And, by the way, the marijuana lobby hires people to go out online and look for anyone who writes bad things about marijuana, then argue with them on the thread below. They fight and argue with every study that comes out showing the harm caused by marijuana. They are doing everything they can to mislead the public, especially teenagers. If they can get you hooked on pot as a teenager, they’ll  probably have you as a lifelong customer! Don’t be their sucker.

Life opens up when you're not high on pot.
Life opens up when you’re not high on pot.

The byword of my sobriety is “I cannot think my way to better living, rather I must live my way to better thinking.”  When you quit smoking pot,  don’t expect to feel all well and wonderful immediately.  Just get out of bed in the morning and do what you know you should be doing and eventually your brain will begin to recover from what you have done to it. You “live your way to better thinking” by staying 100% sober, hanging around with kids your age who are also sober, trying to be a loving brother or sister, being nice to your parents, going to work and/or school, reading a book, cleaning your house, going swimming, calling a friend, learning how to show people you care about them, and doing the thousands of things that produce a breathtaking life.

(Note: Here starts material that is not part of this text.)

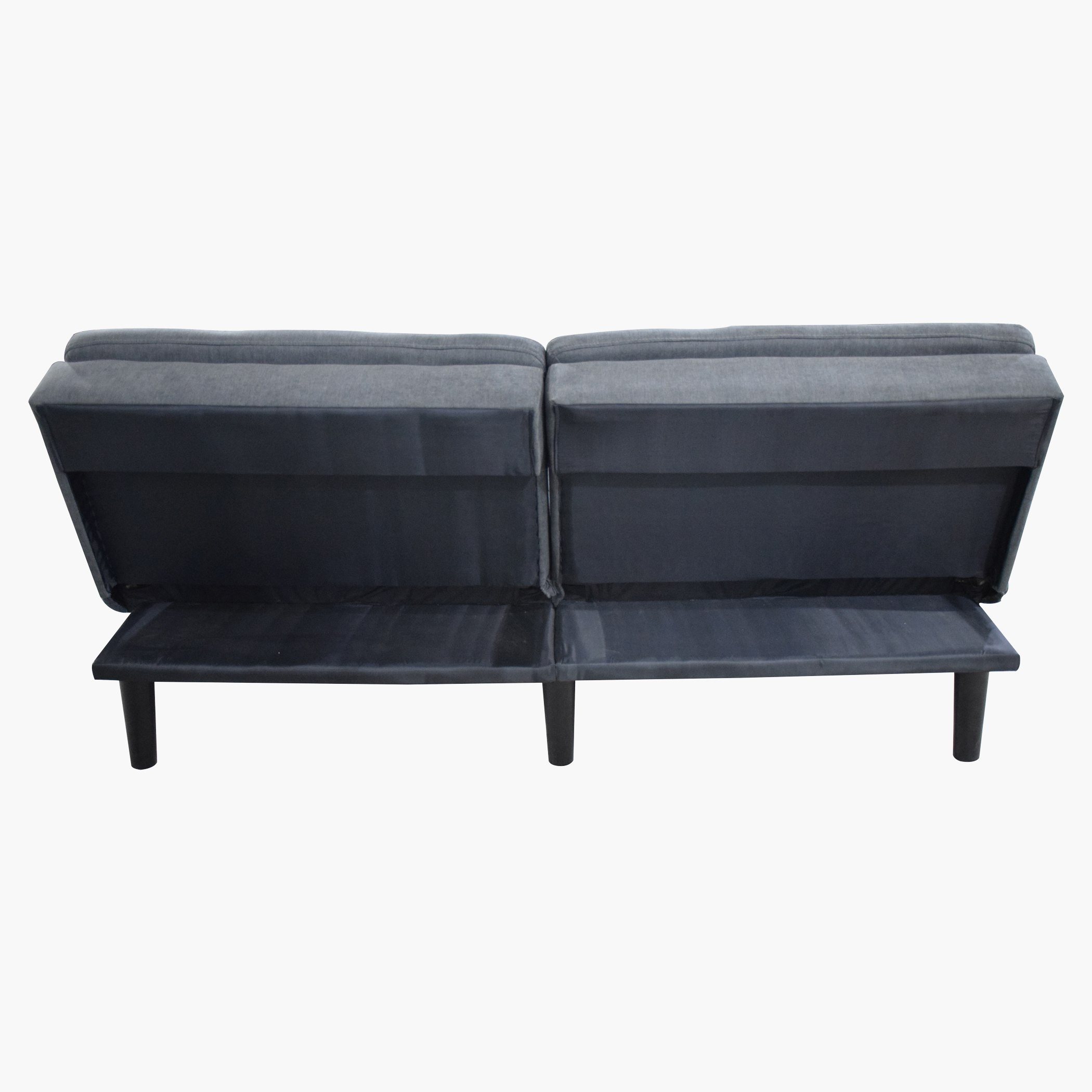 كنبة سرير 3 مقاعد معنقدة من كاجوال-hbxlivingroom-sofasandarmchairs-sofas-image-3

There is a big, beautiful world out there and we, the sober, can grab it with both hands and make a lovely life with the help of our Higher Power. “Half measures avail us nothing” it says in the Big Book of Alcoholics Anonymous. It means if you give sobriety a half-hearted attempt, you’ll get nothing out of it. If we give it our all, though, we will eventually be rewarded with a good, rich life. Try it! (The author’s views are not necessarily the views of Narcotics Anonymous or Alcoholics Anonymous. Parents Opposed to Pot doesn’t not recommend a single program for sobriety, as there are many treatment programs. )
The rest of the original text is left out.